My wife has 12 points to burn on a Utah bear hunt, and I have very little experience when it comes to hunting these things. I know our best chances for success would be enlisting the services of a good houndsman, but I'd really like to not go that route. Nothing against that type of hunting, I just think a spot-and-stalk type hunt would be a lot more fun. I see the occasional mountain lion, but I have never even seen a wild bear in Utah. I mainly hunt the zion unit, and have spent time on many other nearby units. We have bears here, but very low densities of them, and a spot-and-stalk hunt around here would be akin to peeing in the wind. I've heard other areas have better bear numbers that may be conducive to a good spot-and-stalk hunt.

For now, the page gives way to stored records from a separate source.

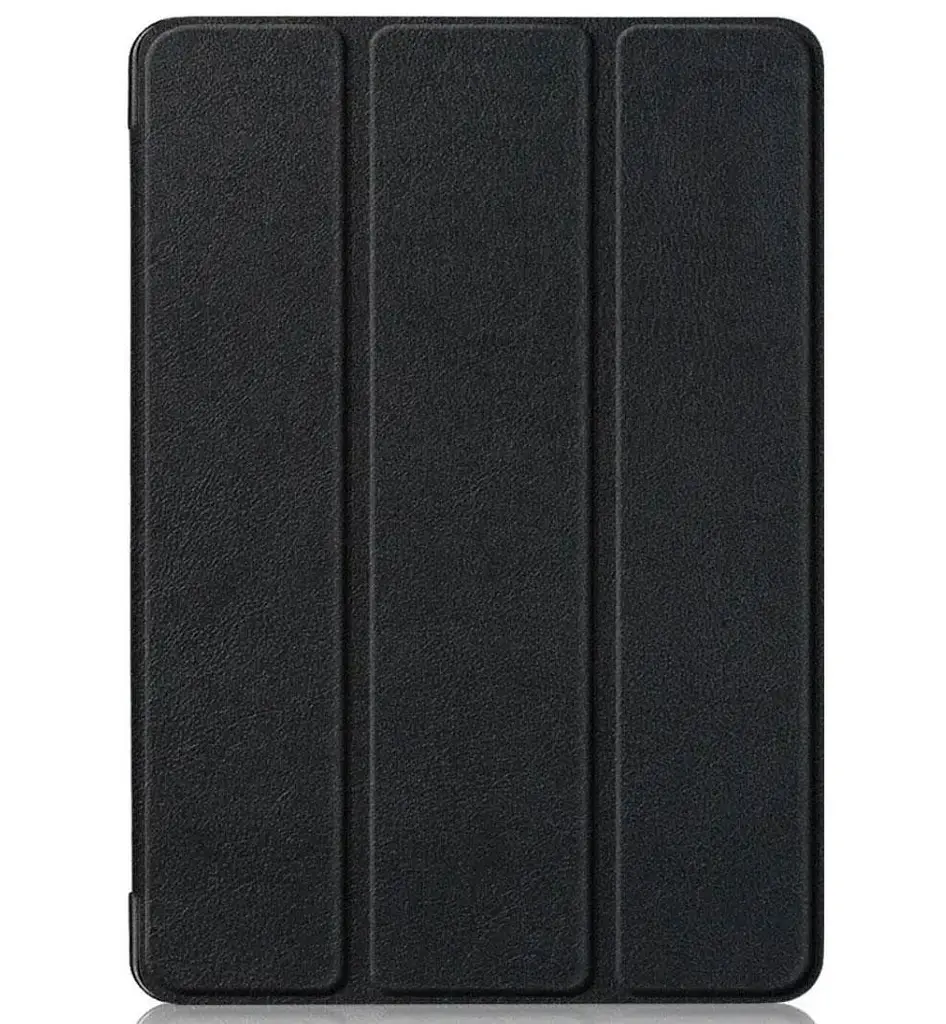 Чохол Primolux Slim для планшета Apple iPad Air 11" 2026 M4 (A3459 / A3460 / A3463) - Black - фото 2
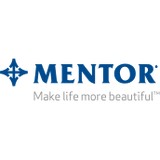 Mentor Worldwide LLC - Manufacturer in Ukiah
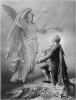 Файл : goethe_30.jpg
Размер файла: 42KB
Размеры : 346x450
Дата добавления : May 08, 2009 goethe_30.jpg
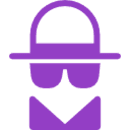 Empresa Confidencial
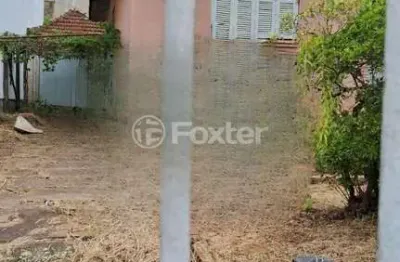 Casa com 1 quarto à venda na rua siqueira campos, 300, centro, canoas, 330 m2 por r$ 630.000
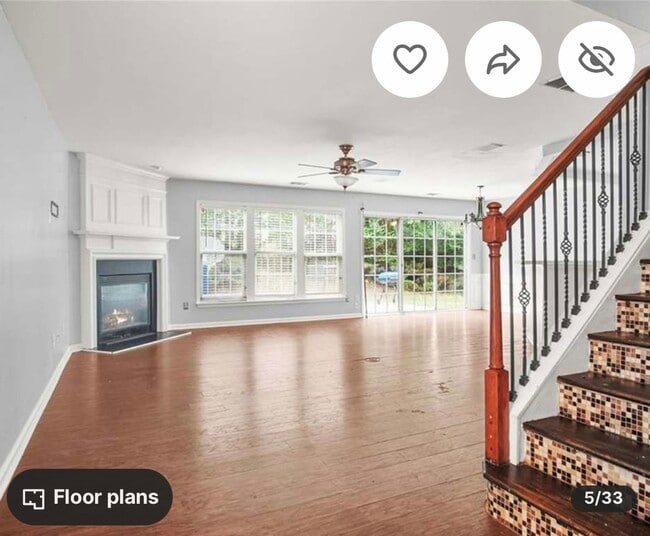 Building Photo - 3282 Victoria Park SW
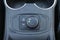 2024 GMC Terrain FWD 4dr SLE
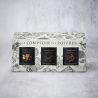 Coffret Préparations Sucrées Coffret Préparations Sucrées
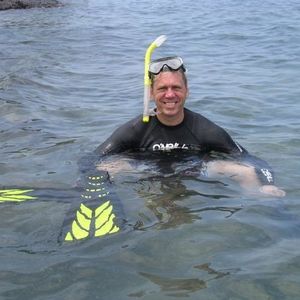 Profile Picture of James Ruesch (@366806986) on Myspace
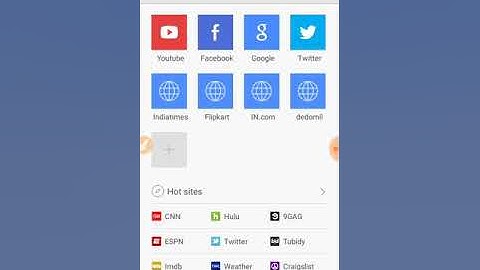 How to fix the screen size problem in all kind of java games at j2me loder.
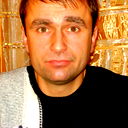 Сергей Прокофьев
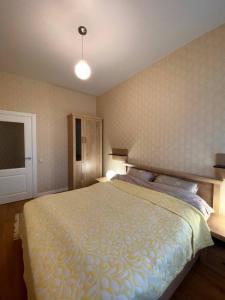 Annonce Location 2 pices Appartement Boulogne-billancourt 92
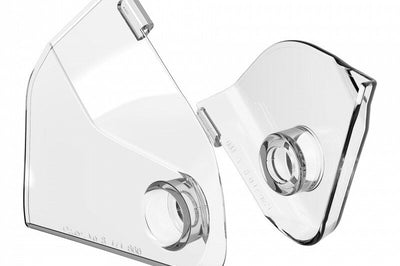 POLISPORT Graphic Guard Ktm - Body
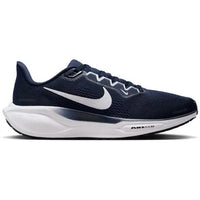 Women's Nike Pegasus 41 TB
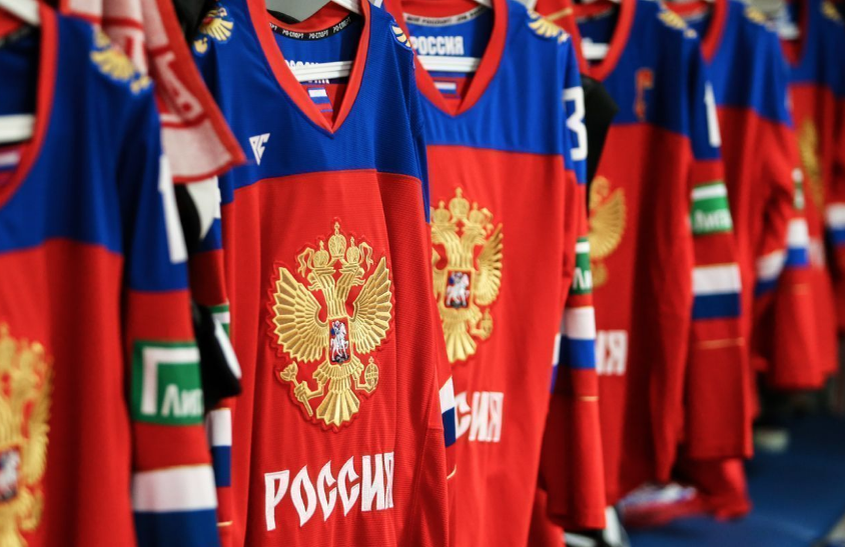 чемпионат.ком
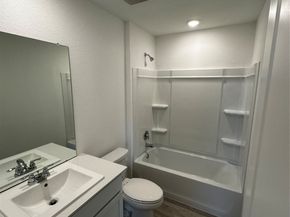 21519 Willow River Canyon Lane, Waller TX 77484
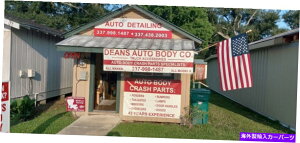 Window Regulator 1552-0102r AFM 2006-2016 Chevy Impala Rh frt elec�B�E�B���h�E���M�����[�^�[��MTR�B 1552-0102R AFM 2006-2016 CHEVY IMPALA RH FRT ELEC. WINDOW REGULATOR&MTR.�y���s�A���i�z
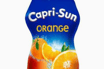 Capri Sun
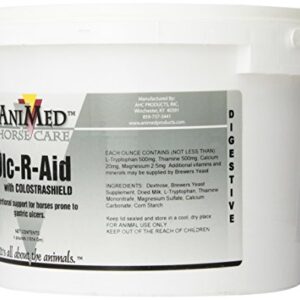 AniMed ULC-R-Aid 4 lb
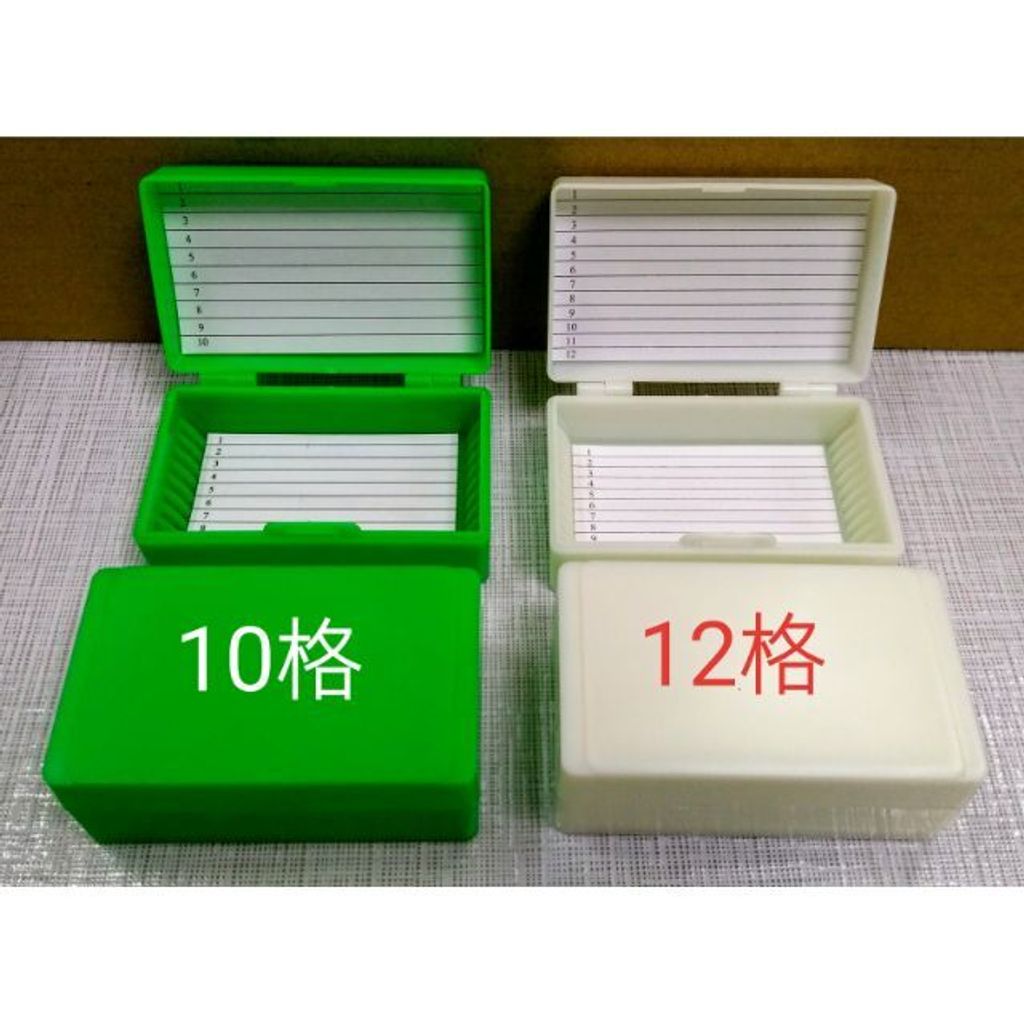 65230ab651df7778b8b30afdf2d3d709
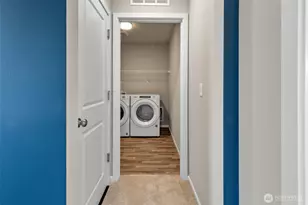 9828 Ferns SE, Yelm, WA 98597 - Photo 23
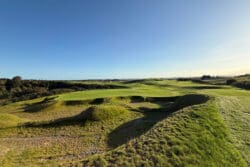 Hole 12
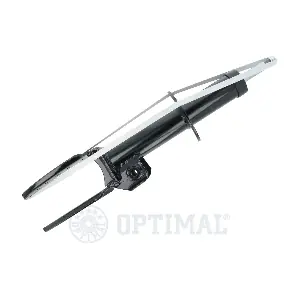 OPTIMAL A-5139GL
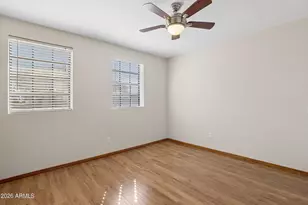 19222 N 12th St, Phoenix, AZ 85024 - Photo 27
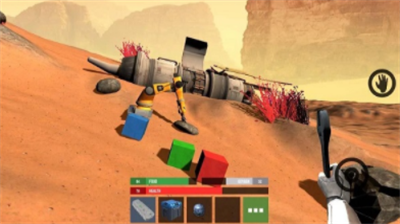 u706bu661fu751fu5b58u6a21u62dfu5668u65e0u9650u8d44u6e90u7248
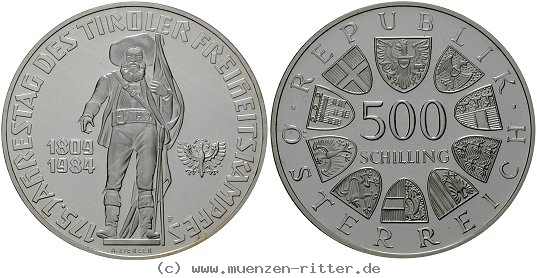 oesterreich-2-republik-500-schilling/ag19552.jpg
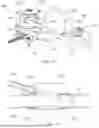 Fig. 09 - CUTTING APPARATUS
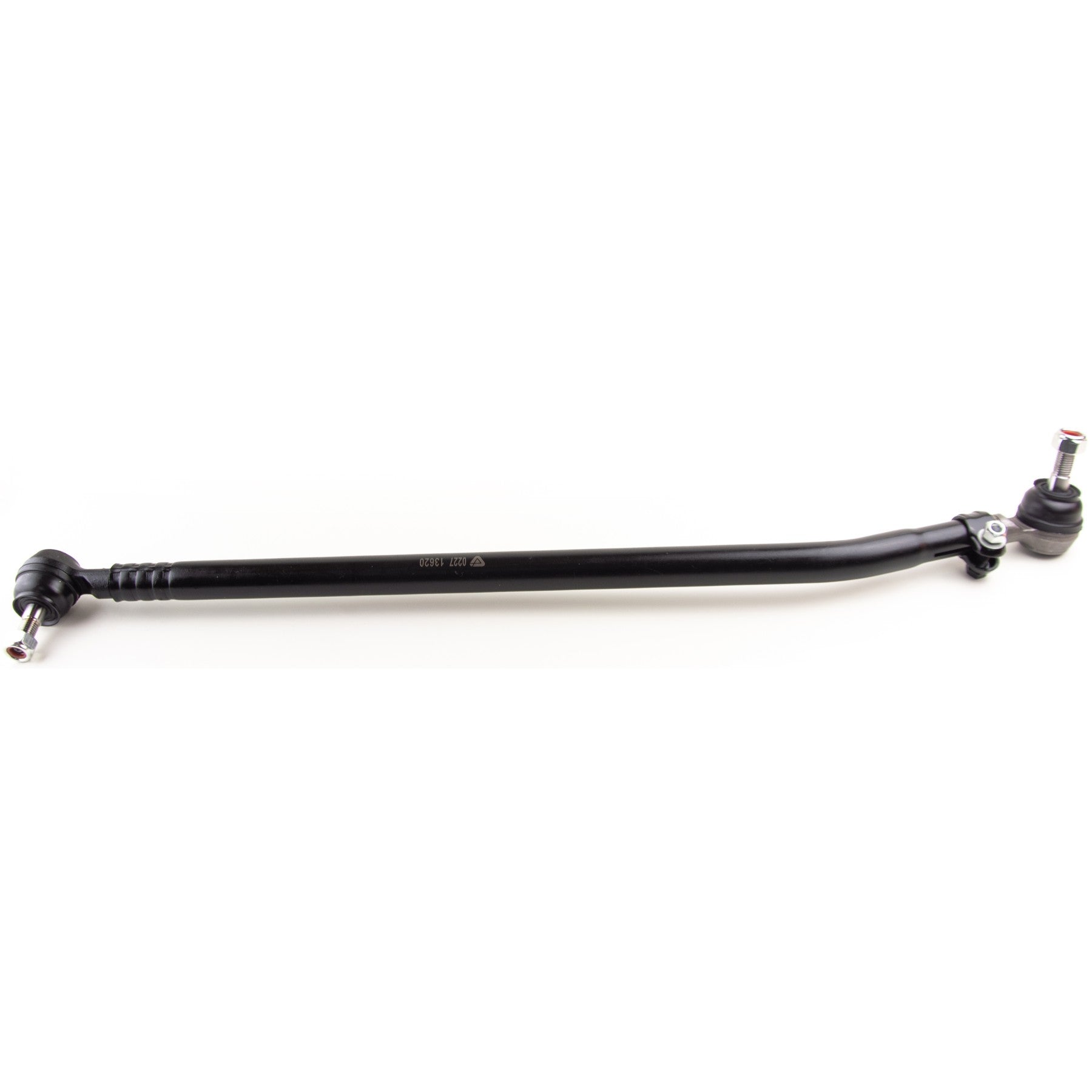 Barra de Direção Central para Volkswagen Kombi - Viemar - 750227 - (3)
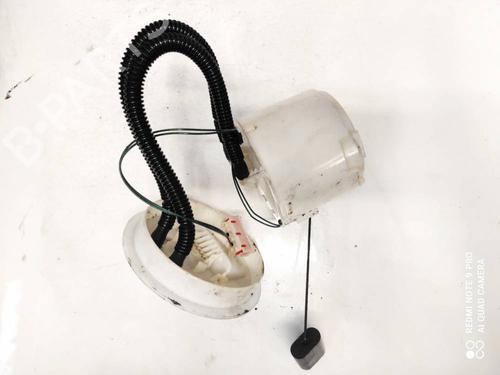 Used Electronic module Electronic module 35341880 35341880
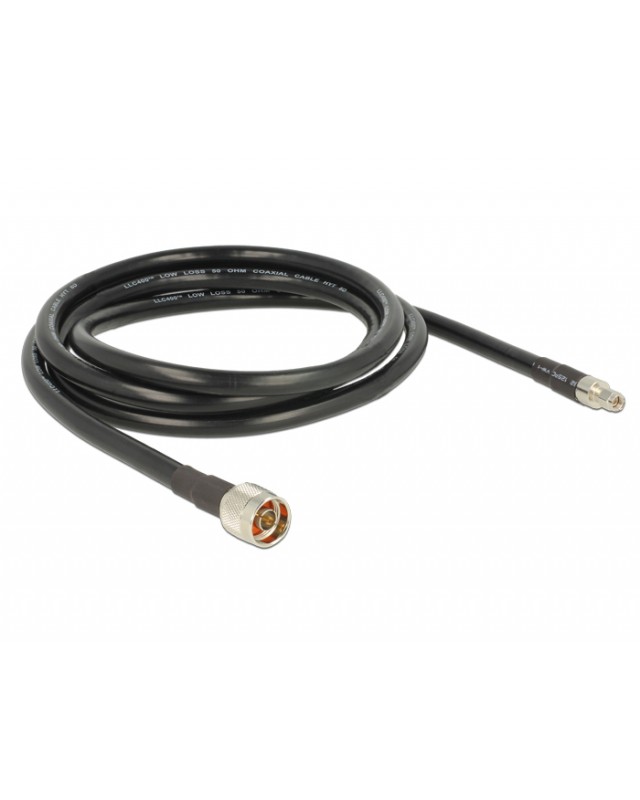 ITS - m7145395-1.jpg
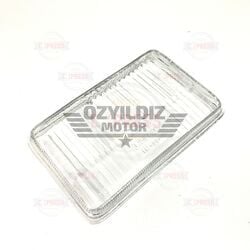 Moto Express FAR CAMI AGK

La Sal, San Juan, Book Cliffs Roadless? What areas would you experienced poo hunters suggest? Spring or fall? Thanks for any info.


----------



## Critter (Mar 20, 2010)

I'd pick the Book Cliffs. There hasn't been a time that I was out there that I didn't see a bear and there are a couple of canyons out there that hold a lot of them. I wouldn't go into the roadless unless I had horses, there are a lot of other areas out there that hold bears and big ones.


----------



## colorcountrygunner (Oct 6, 2009)

Critter said:


> I'd pick the Book Cliffs. There hasn't been a time that I was out there that I didn't see a bear and there are a couple of canyons out there that hold a lot of them. I wouldn't go into the roadless unless I had horses, there are a lot of other areas out there that hold bears and big ones.


Thanks for the comment, Critter. We do have horses so Book Cliffs may be a good option.


----------



## johnnycake (Jul 19, 2011)

La Sal has tons of bears. I see several everytime I am down there elk/deer hunting (more bears than bucks for the record)


----------